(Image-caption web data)
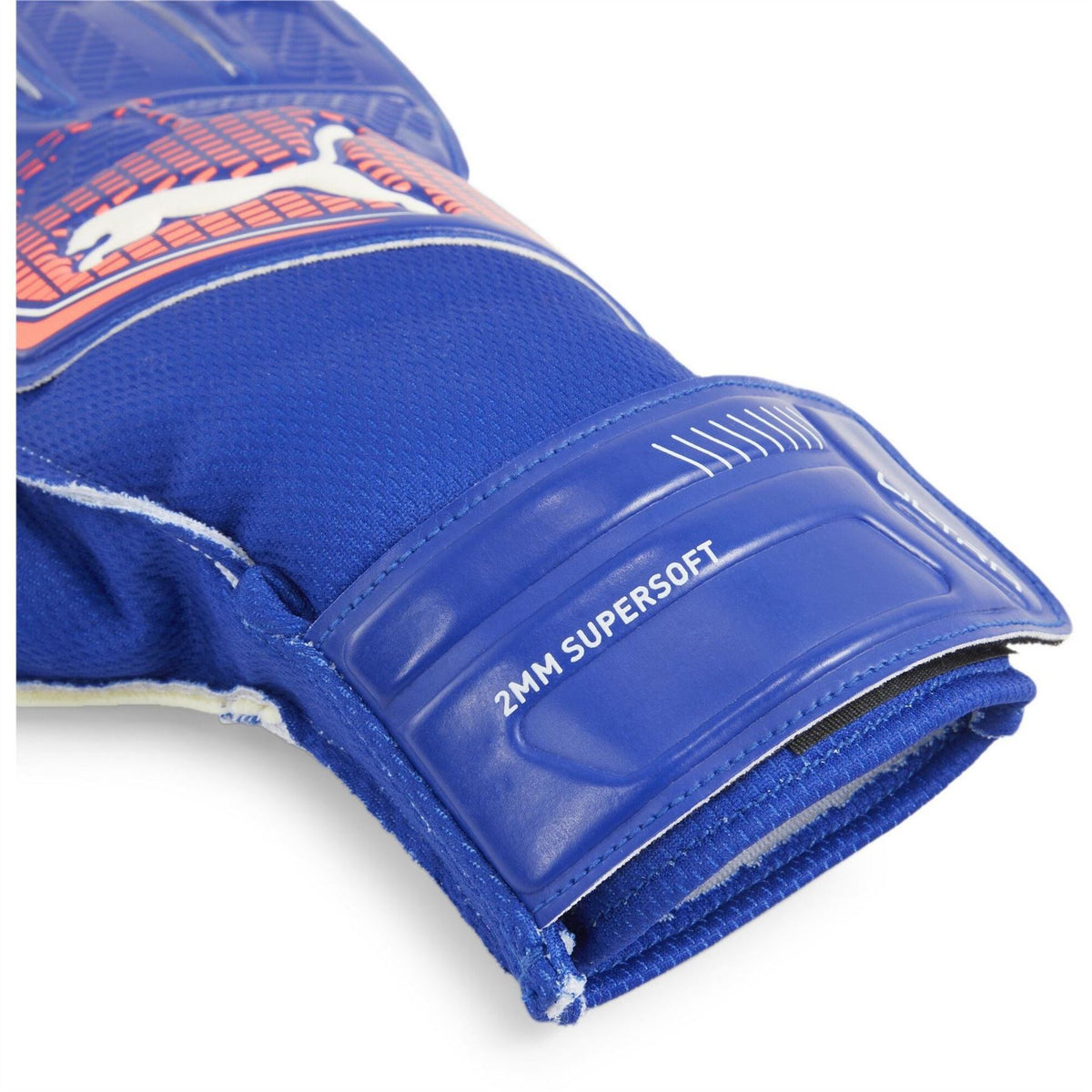 Puma Ultra Play Juniors Goalkeeper Glove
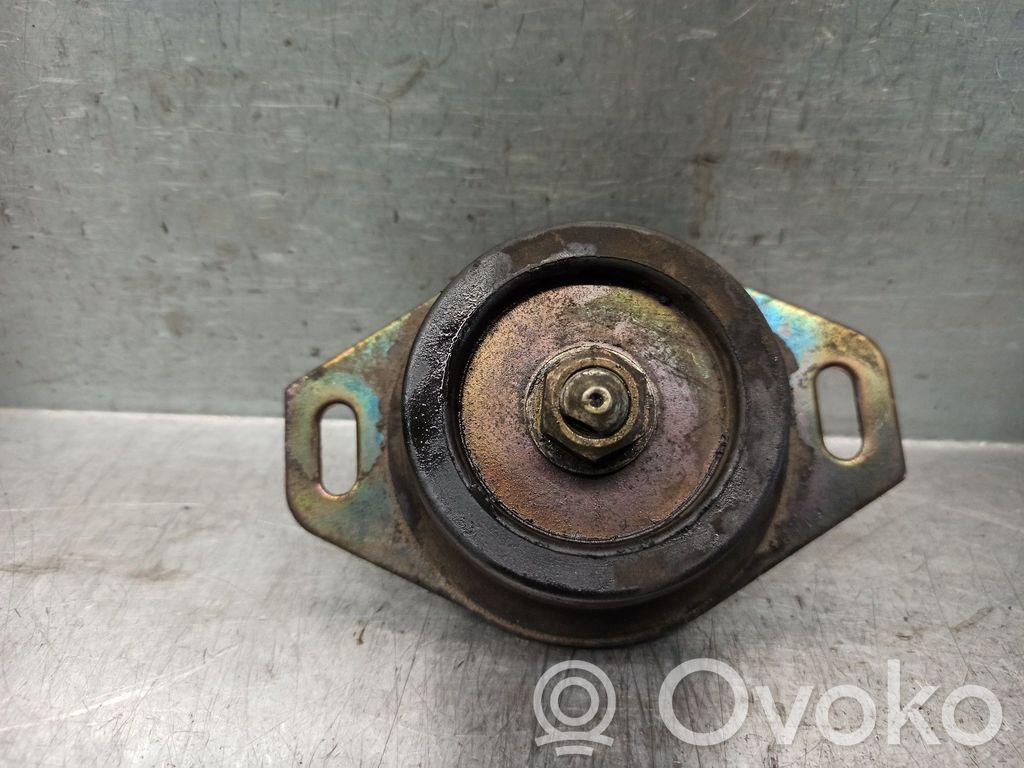 Citroen Xsara Engine mount bracket 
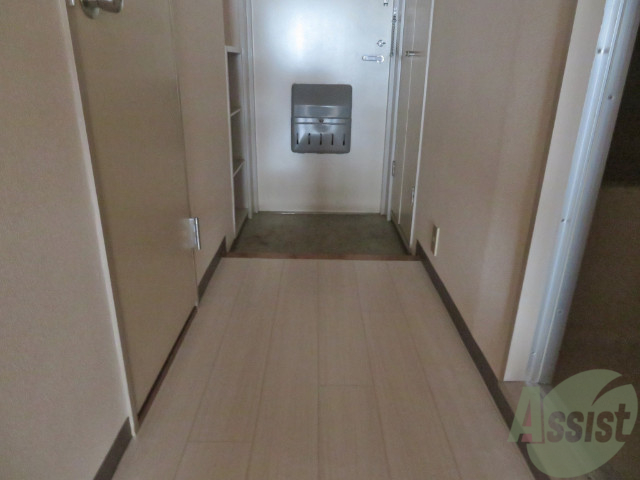 玄関　玄関はこちら、広めになっているので脱ぎ履きがしやすそうですね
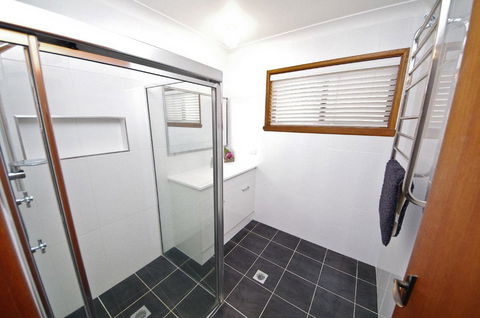 Breakaway, 11 Scott Street - Accommodation Daintree 2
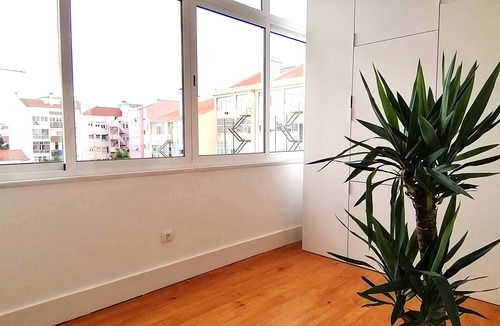 Lisbon Old Town Apartment | T2 w/balcony
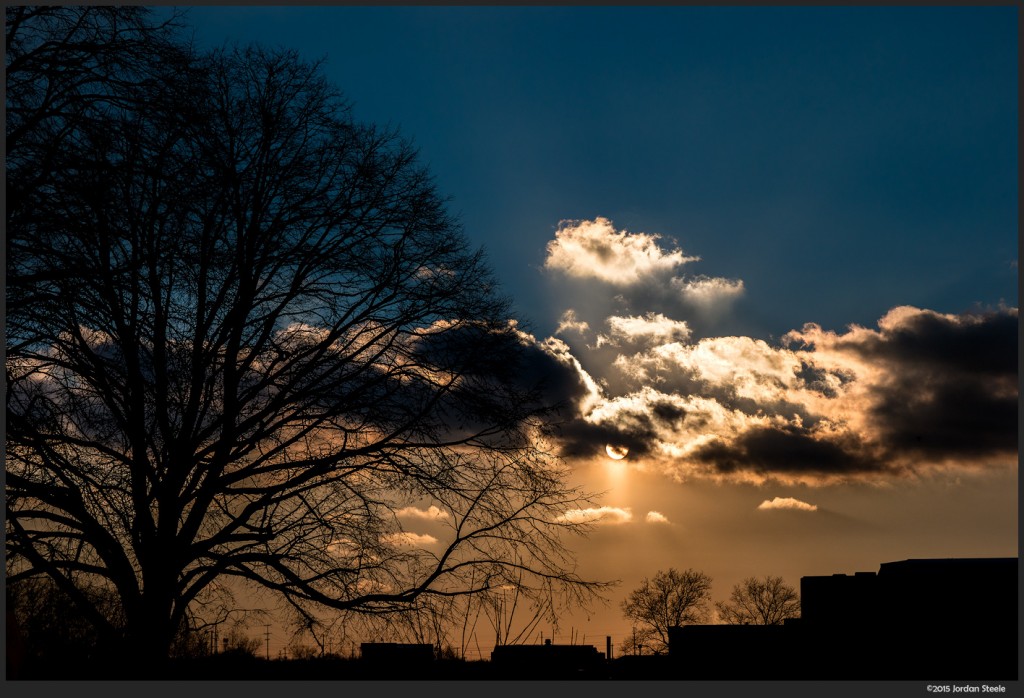 Silhouette - Samsung NX1 with Samsung 16-50mm f/2-2.8 @ 50mm, f/8, 1/2000s, ISO 100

* **EXERCISE DETAILS**
Your answer must be the lines from the one containing "Lisbon Old Town Apartment | T2 w/balcony" through the last line of the records, both included, written out exactly and without pictures.

* **EXERCISE OUTPUT**
 Lisbon Old Town Apartment | T2 w/balcony
 Silhouette - Samsung NX1 with Samsung 16-50mm f/2-2.8 @ 50mm, f/8, 1/2000s, ISO 100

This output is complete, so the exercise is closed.